Then, less than three weeks later, North Korea shamelessly reneged on its pledge to cease missile development by announcing its plans to launch a satellite into orbit. Simply put, the North’s move was completely illogical. All it did was weaken itself.

This is not the first time that North Korea has double-crossed the international community. In 2008, North Korea’s former ruler, Kim Jong-il, who died last December, agreed to disassemble the nuclear facility at Yongbyon in exchange for heavy fuel aid and removal from the U.S. State Department’s list of states that sponsor terrorism.

That same year, the North distributed dozens of its coveted visas to prestigious journalists, like CNN’s Christiane Amanpour, to visit the Hermit Kingdom. She along with a few others were taken to Yongbyon to see North Korea’s treasured nuclear program dismantled and wrapped in plastic and to witness the destruction of Yongbyon’s cooling tower. Forty-five days later, fuel shipments arrived in North Korea and the country was no longer considered by the U.S. to be a state sponsor of terrorism.

However in the months following its showy gestures at Yongbyon, the North returned to its old game of cheat-and-retreat. In April 2009, North Korea tested a long-range missile despite warnings from the U.N. Security Council. In May of that same year, North Korea conducted another nuclear test. In March 2010, the North Korean navy sank the South Korean cruiser ROKS Cheonan killing 46 sailors and 56 others. And in November 2010, the North Korean military savagely bombarded the South Korean island of Yeonpyeong, killing two South Korean civilians and wounding three others.
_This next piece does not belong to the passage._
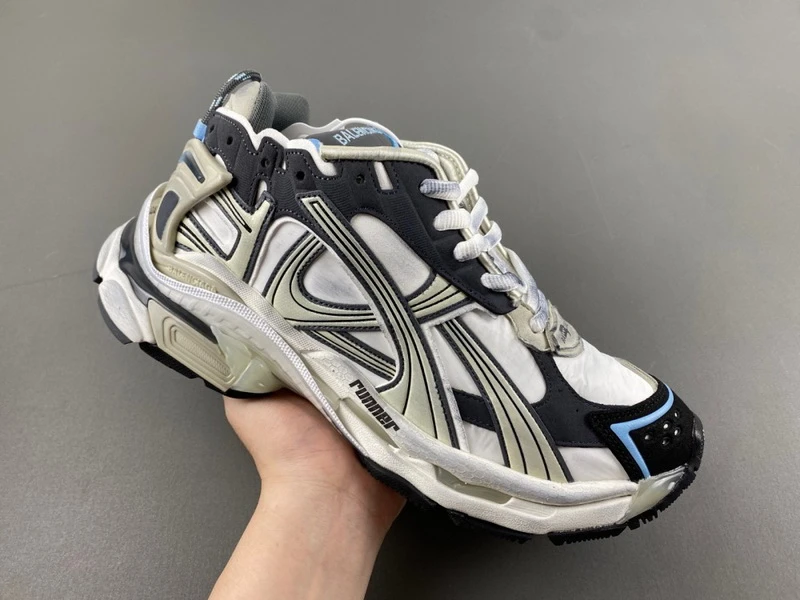 Balenciaga Runner - Black/Dark Green - image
North Korea’s practiced pattern of cordiality, spectacle and duplicity has been well-documented and repeated time-and-time again. Last week’s behavior should have come as no surprise.
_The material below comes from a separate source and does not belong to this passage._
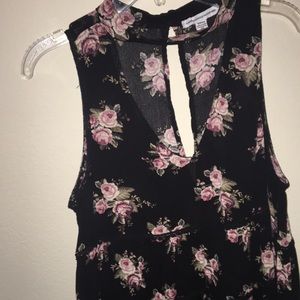 american eagle floral tank top!!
When Pyongyang’s accord with Washington was announced last month, I was impressed by the diplomatic skill of North Korea. They had negotiated a win-win deal. Kim Jong-un would be able to feed his people thus cementing his legitimacy as the new Supreme Leader. He would appear like a competent leader at home and a trusted statesman abroad. Barack Obama would be able to claim that he had successfully negotiated nuclear security in the Far East, a foreign policy victory that he could then use against his Republican opponents in the November election.

Why Kim Jong-un abandoned this deal is anybody’s guess. Did he want to demonstrate his control over his country’s affairs? Did the military establishment overpower the naïve new leader? Or did Kim actually believe he could get away with this stunt?
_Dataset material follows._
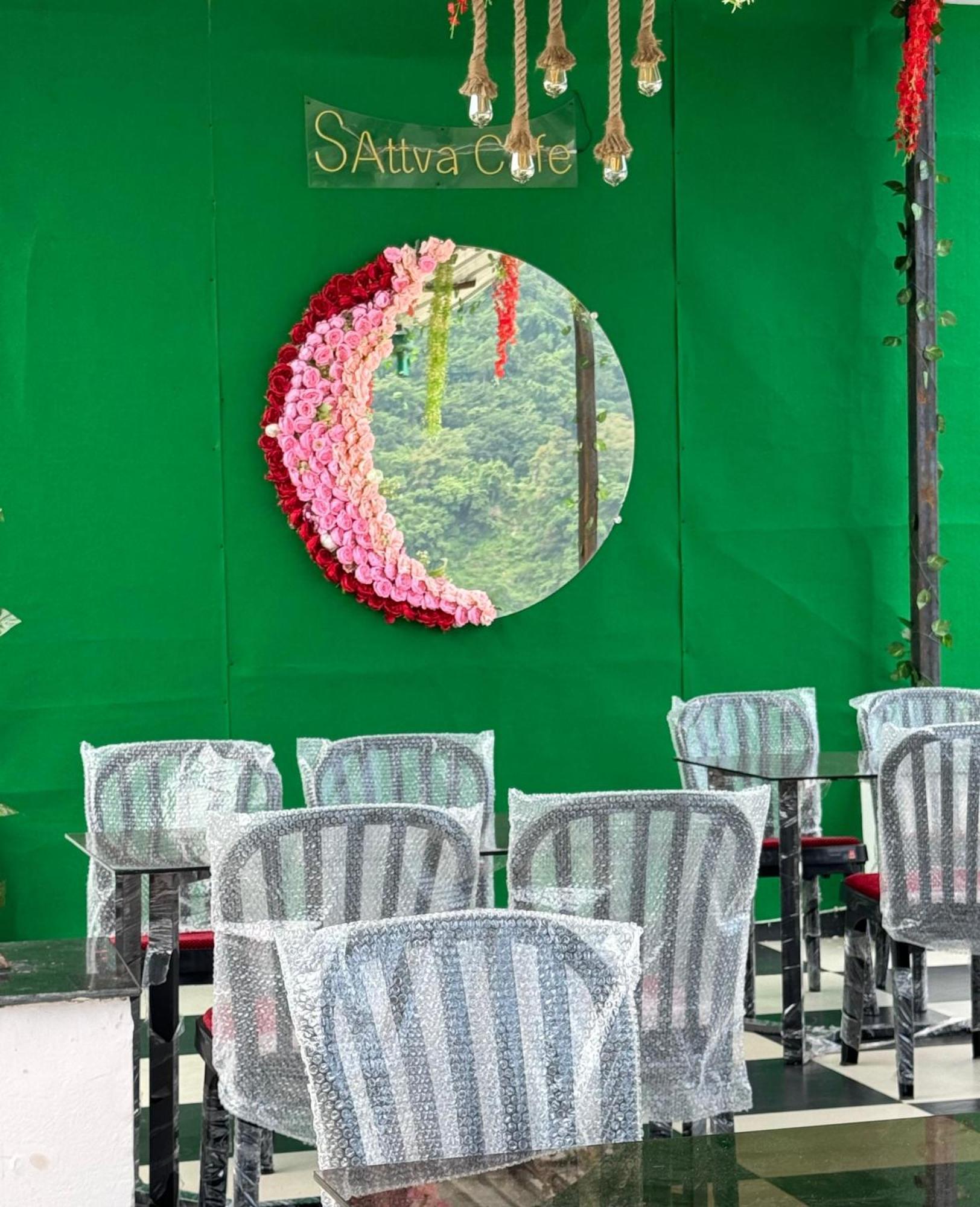 Sattva Cafe And Motel Rišikéš Exteriér fotografie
Well if he thought he had Washington over a barrel, he gravely miscalculated. The U.N. Security Council censured North Korea on Monday and expanded the already tight sanctions on the Stalinist state.

Some might wonder why the U.S. was so determined to stop North Korea from launching a satellite. When North Korea went nuclear in 2006, the country’s next goal was to develop a long-range ballistic missile capable of striking the western coast of the U.S. Many military analysts have stipulated that the satellite launch was a cover for testing its missile technology. Such a missile would give Pyongyang unprecedented leverage in dealing with the international community and would be a grave threat to America’s national security.

One month ago, Kim Jong-un was on the verge of gaining what his father, Kim Jong-il, was never able to get in 17 years of tangling with the U.S.: hundreds-of-thousands of tons of food aid, some adequately-fed subjects and respect on the world stage as a reasonable statesman. Now, he has $1 billion worth of rocket debris, a demoralized military, 22 million hungry North Koreans and zero credibility.

At least now we know what Kim Jong-un’s word is worth. Nothing. Like father, like son.